Recorded data section start

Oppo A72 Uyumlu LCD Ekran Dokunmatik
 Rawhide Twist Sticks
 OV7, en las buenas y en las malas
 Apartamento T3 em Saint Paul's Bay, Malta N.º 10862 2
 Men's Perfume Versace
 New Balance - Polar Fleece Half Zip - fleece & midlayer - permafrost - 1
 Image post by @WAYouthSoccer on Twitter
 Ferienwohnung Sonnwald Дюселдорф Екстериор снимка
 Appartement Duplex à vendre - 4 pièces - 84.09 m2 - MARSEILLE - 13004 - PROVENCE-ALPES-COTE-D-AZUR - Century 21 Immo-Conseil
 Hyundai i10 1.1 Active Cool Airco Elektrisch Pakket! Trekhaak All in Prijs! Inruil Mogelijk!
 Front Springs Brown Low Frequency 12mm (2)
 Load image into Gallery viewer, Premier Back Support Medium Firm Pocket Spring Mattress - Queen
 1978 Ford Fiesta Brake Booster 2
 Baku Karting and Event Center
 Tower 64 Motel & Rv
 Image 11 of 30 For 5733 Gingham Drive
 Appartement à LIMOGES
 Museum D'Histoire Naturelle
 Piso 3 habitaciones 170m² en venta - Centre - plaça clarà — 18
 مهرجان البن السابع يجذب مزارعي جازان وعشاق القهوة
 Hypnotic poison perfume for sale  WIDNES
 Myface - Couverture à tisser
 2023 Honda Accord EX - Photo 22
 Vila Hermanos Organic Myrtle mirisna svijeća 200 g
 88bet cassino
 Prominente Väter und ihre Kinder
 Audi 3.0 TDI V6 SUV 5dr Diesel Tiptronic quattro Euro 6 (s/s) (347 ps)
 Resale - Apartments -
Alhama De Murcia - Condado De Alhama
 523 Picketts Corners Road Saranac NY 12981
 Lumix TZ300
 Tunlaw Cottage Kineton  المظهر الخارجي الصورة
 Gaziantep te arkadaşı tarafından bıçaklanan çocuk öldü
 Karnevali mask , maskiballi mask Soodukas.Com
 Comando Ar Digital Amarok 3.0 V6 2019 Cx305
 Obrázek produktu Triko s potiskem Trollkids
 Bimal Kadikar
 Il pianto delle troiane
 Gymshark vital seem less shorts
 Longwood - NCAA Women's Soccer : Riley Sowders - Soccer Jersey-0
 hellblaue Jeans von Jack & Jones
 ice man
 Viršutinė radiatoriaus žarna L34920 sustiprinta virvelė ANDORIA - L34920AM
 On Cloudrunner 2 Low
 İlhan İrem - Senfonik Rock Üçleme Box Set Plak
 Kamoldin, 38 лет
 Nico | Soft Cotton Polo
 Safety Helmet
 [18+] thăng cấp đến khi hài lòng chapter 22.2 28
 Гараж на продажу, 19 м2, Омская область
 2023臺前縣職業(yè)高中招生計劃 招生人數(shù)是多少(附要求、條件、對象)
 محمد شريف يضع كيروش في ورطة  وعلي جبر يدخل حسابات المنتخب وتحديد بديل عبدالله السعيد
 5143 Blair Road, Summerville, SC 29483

Recorded data section end

(Work task): Nothing in the entries above may be left out; retype them all exactly.

(Reply):
Oppo A72 Uyumlu LCD Ekran Dokunmatik
 Rawhide Twist Sticks
 OV7, en las buenas y en las malas
 Apartamento T3 em Saint Paul's Bay, Malta N.º 10862 2
 Men's Perfume Versace
 New Balance - Polar Fleece Half Zip - fleece & midlayer - permafrost - 1
 Image post by @WAYouthSoccer on Twitter
 Ferienwohnung Sonnwald Дюселдорф Екстериор снимка
 Appartement Duplex à vendre - 4 pièces - 84.09 m2 - MARSEILLE - 13004 - PROVENCE-ALPES-COTE-D-AZUR - Century 21 Immo-Conseil
 Hyundai i10 1.1 Active Cool Airco Elektrisch Pakket! Trekhaak All in Prijs! Inruil Mogelijk!
 Front Springs Brown Low Frequency 12mm (2)
 Load image into Gallery viewer, Premier Back Support Medium Firm Pocket Spring Mattress - Queen
 1978 Ford Fiesta Brake Booster 2
 Baku Karting and Event Center
 Tower 64 Motel & Rv
 Image 11 of 30 For 5733 Gingham Drive
 Appartement à LIMOGES
 Museum D'Histoire Naturelle
 Piso 3 habitaciones 170m² en venta - Centre - plaça clarà — 18
 مهرجان البن السابع يجذب مزارعي جازان وعشاق القهوة
 Hypnotic poison perfume for sale  WIDNES
 Myface - Couverture à tisser
 2023 Honda Accord EX - Photo 22
 Vila Hermanos Organic Myrtle mirisna svijeća 200 g
 88bet cassino
 Prominente Väter und ihre Kinder
 Audi 3.0 TDI V6 SUV 5dr Diesel Tiptronic quattro Euro 6 (s/s) (347 ps)
 Resale - Apartments -
Alhama De Murcia - Condado De Alhama
 523 Picketts Corners Road Saranac NY 12981
 Lumix TZ300
 Tunlaw Cottage Kineton  المظهر الخارجي الصورة
 Gaziantep te arkadaşı tarafından bıçaklanan çocuk öldü
 Karnevali mask , maskiballi mask Soodukas.Com
 Comando Ar Digital Amarok 3.0 V6 2019 Cx305
 Obrázek produktu Triko s potiskem Trollkids
 Bimal Kadikar
 Il pianto delle troiane
 Gymshark vital seem less shorts
 Longwood - NCAA Women's Soccer : Riley Sowders - Soccer Jersey-0
 hellblaue Jeans von Jack & Jones
 ice man
 Viršutinė radiatoriaus žarna L34920 sustiprinta virvelė ANDORIA - L34920AM
 On Cloudrunner 2 Low
 İlhan İrem - Senfonik Rock Üçleme Box Set Plak
 Kamoldin, 38 лет
 Nico | Soft Cotton Polo
 Safety Helmet
 [18+] thăng cấp đến khi hài lòng chapter 22.2 28
 Гараж на продажу, 19 м2, Омская область
 2023臺前縣職業(yè)高中招生計劃 招生人數(shù)是多少(附要求、條件、對象)
 محمد شريف يضع كيروش في ورطة  وعلي جبر يدخل حسابات المنتخب وتحديد بديل عبدالله السعيد
 5143 Blair Road, Summerville, SC 29483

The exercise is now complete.